_What you need to do:_ Return the records below exactly; pictures stay out.

_The input:_

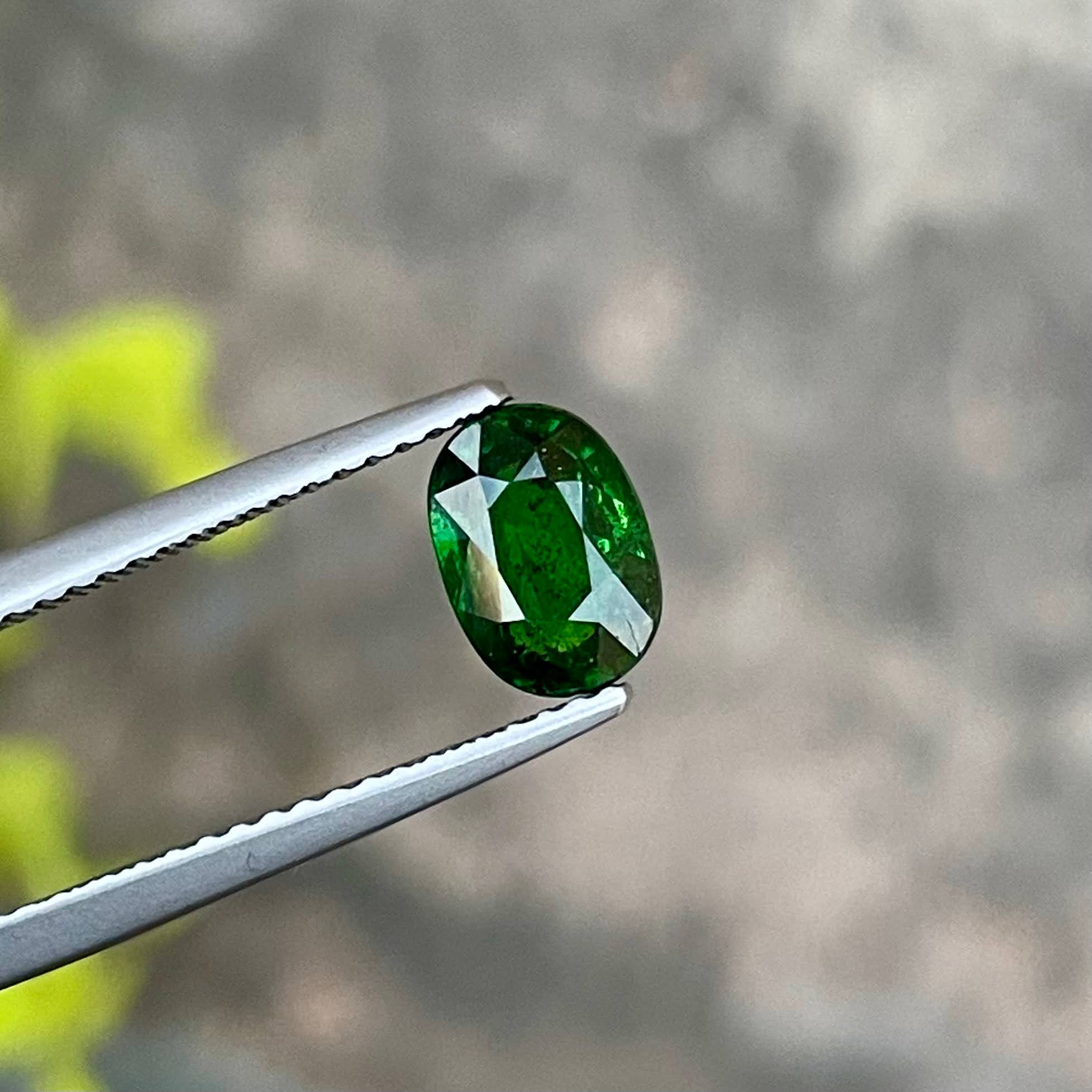 1.30 Carats Green Tsavorite Garnet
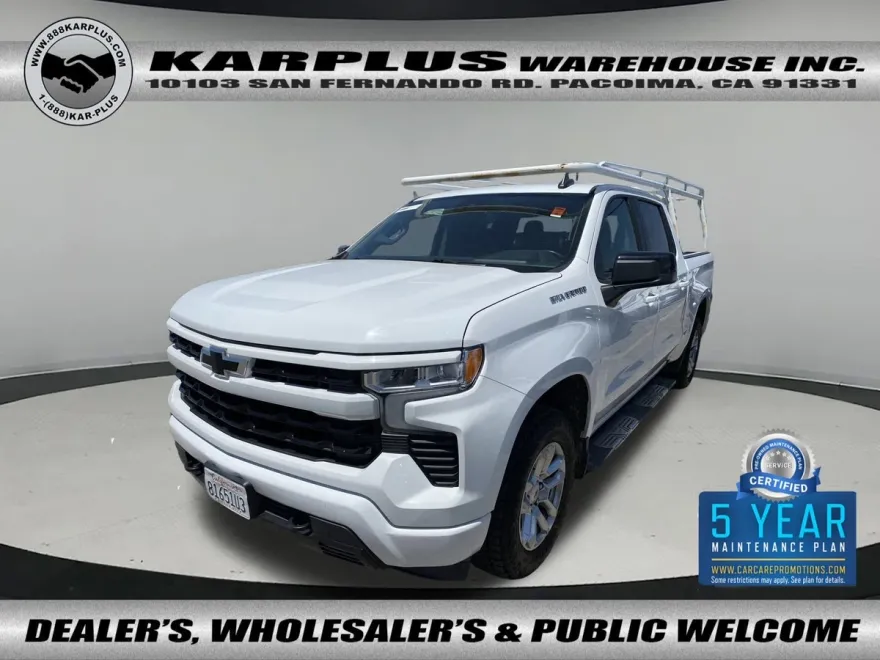 2023 Chevrolet Silverado RST photo 1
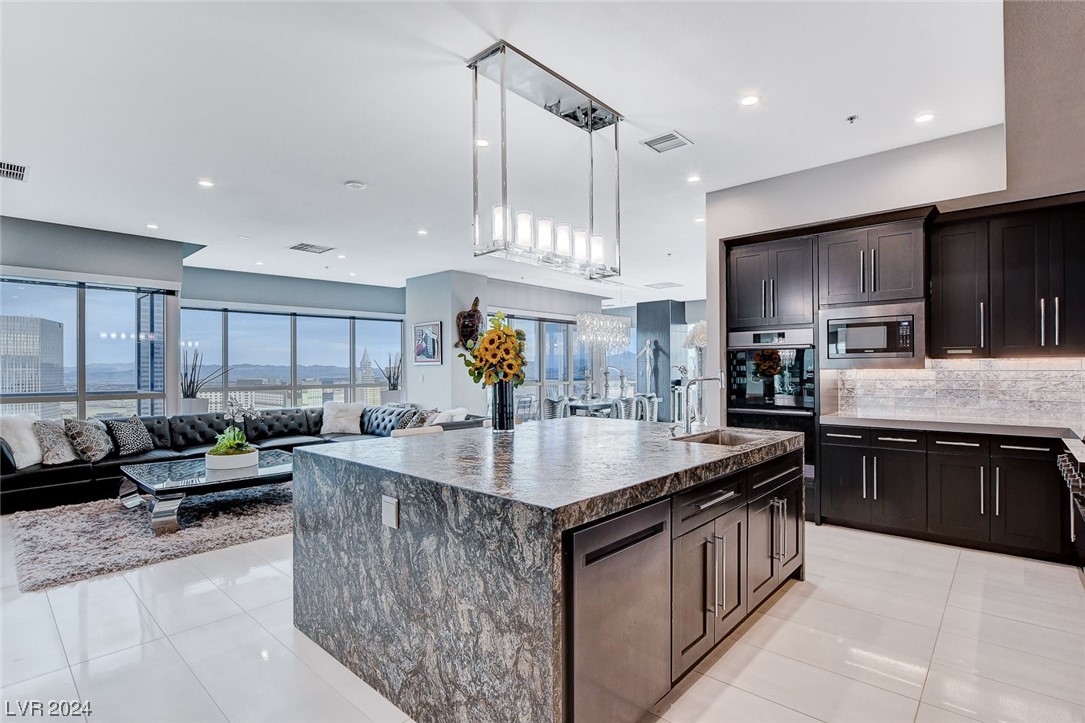 4575 Dean Martin Drive 3300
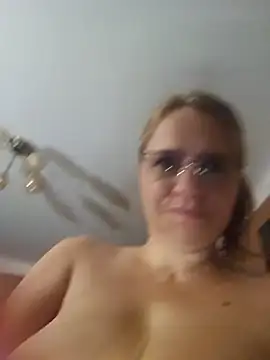 Chat XXX Live BLONDKICIA1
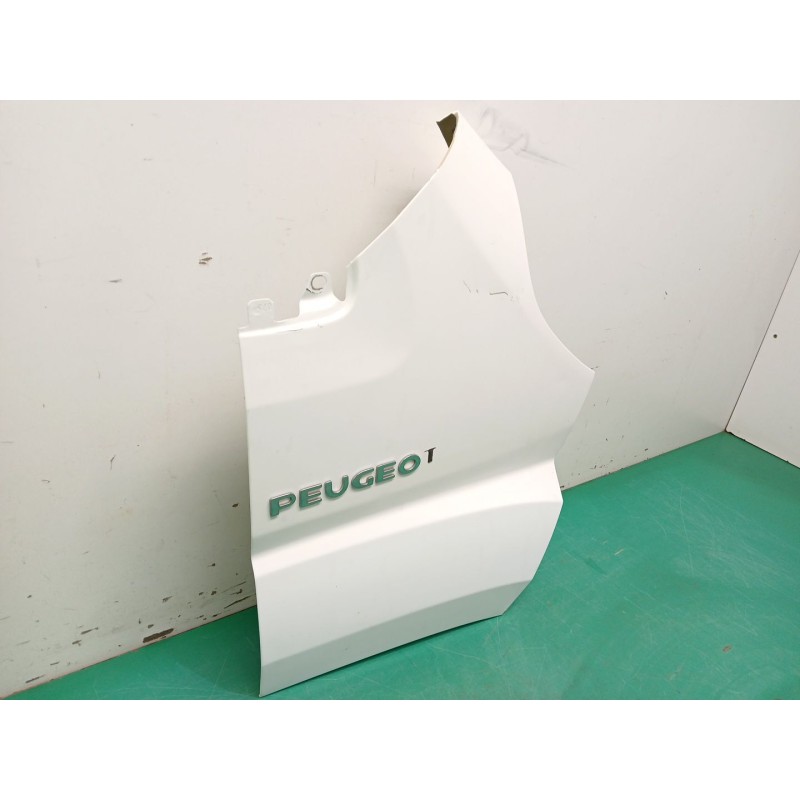 ALETA DELANTERA DERECHA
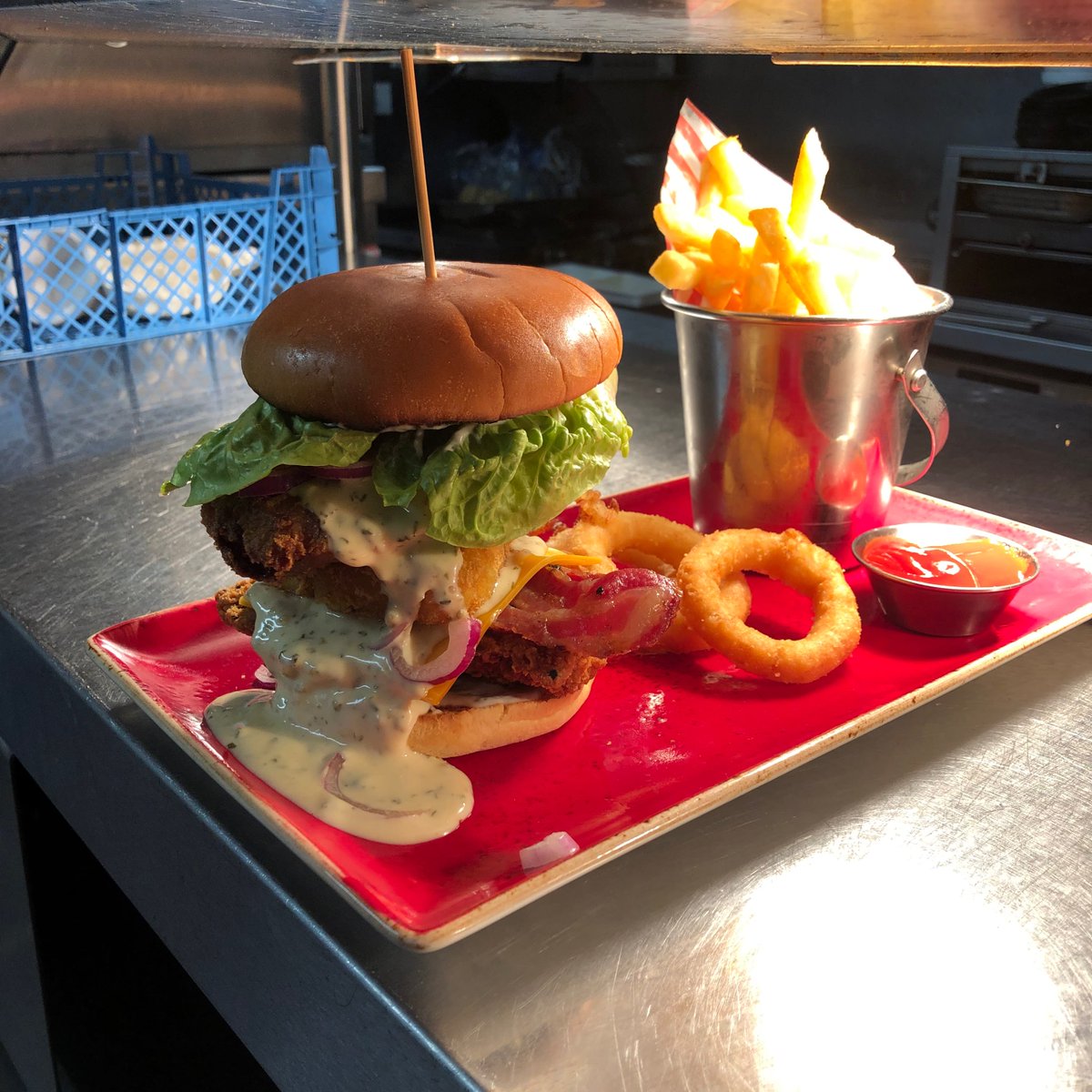 Mmmm our tasty Ranch Burger , why not try it , you won’t be disappointed 🍔🍔🍔
#burger #lunch #dinner #tasty #burstingwithflavour #pubgrub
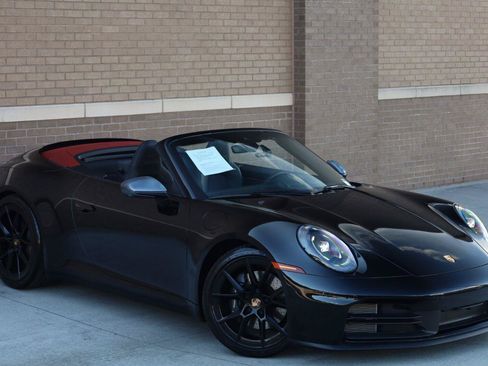 Used 2026 Porsche 911 Carrera T RWD image 11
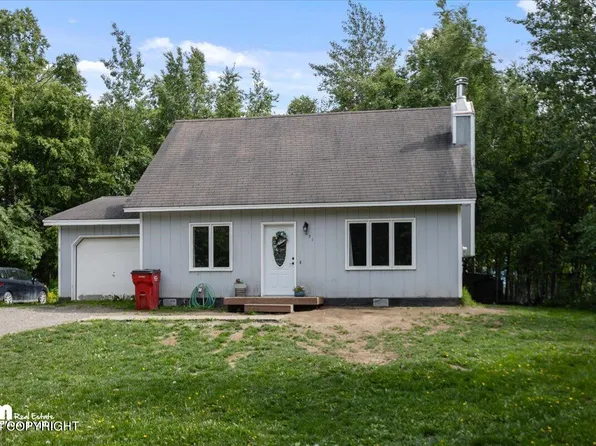 631 S Serrano Dr, Wasilla, AK 99654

_Answer for this exercise:_
 1.30 Carats Green Tsavorite Garnet
 2023 Chevrolet Silverado RST photo 1
 4575 Dean Martin Drive 3300
 Chat XXX Live BLONDKICIA1
 ALETA DELANTERA DERECHA
 Mmmm our tasty Ranch Burger , why not try it , you won’t be disappointed 🍔🍔🍔
#burger #lunch #dinner #tasty #burstingwithflavour #pubgrub
 Used 2026 Porsche 911 Carrera T RWD image 11
 631 S Serrano Dr, Wasilla, AK 99654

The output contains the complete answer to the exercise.